Recorded data START

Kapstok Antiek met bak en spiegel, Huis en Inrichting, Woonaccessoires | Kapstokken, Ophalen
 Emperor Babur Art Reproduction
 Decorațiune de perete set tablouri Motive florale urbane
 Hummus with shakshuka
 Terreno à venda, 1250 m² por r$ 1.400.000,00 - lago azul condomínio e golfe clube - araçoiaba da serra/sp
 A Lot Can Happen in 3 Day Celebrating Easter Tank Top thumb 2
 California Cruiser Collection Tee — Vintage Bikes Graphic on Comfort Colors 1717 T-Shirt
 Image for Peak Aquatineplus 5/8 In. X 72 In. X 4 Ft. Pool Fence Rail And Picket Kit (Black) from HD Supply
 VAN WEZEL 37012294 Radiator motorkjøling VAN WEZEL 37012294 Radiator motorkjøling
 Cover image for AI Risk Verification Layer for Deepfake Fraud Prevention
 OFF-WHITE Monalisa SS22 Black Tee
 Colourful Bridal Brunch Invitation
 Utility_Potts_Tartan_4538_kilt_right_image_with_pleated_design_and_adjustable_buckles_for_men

Recorded data END

Task
All records above must be returned exactly as they appear.

Solution for this problem
Kapstok Antiek met bak en spiegel, Huis en Inrichting, Woonaccessoires | Kapstokken, Ophalen
 Emperor Babur Art Reproduction
 Decorațiune de perete set tablouri Motive florale urbane
 Hummus with shakshuka
 Terreno à venda, 1250 m² por r$ 1.400.000,00 - lago azul condomínio e golfe clube - araçoiaba da serra/sp
 A Lot Can Happen in 3 Day Celebrating Easter Tank Top thumb 2
 California Cruiser Collection Tee — Vintage Bikes Graphic on Comfort Colors 1717 T-Shirt
 Image for Peak Aquatineplus 5/8 In. X 72 In. X 4 Ft. Pool Fence Rail And Picket Kit (Black) from HD Supply
 VAN WEZEL 37012294 Radiator motorkjøling VAN WEZEL 37012294 Radiator motorkjøling
 Cover image for AI Risk Verification Layer for Deepfake Fraud Prevention
 OFF-WHITE Monalisa SS22 Black Tee
 Colourful Bridal Brunch Invitation
 Utility_Potts_Tartan_4538_kilt_right_image_with_pleated_design_and_adjustable_buckles_for_men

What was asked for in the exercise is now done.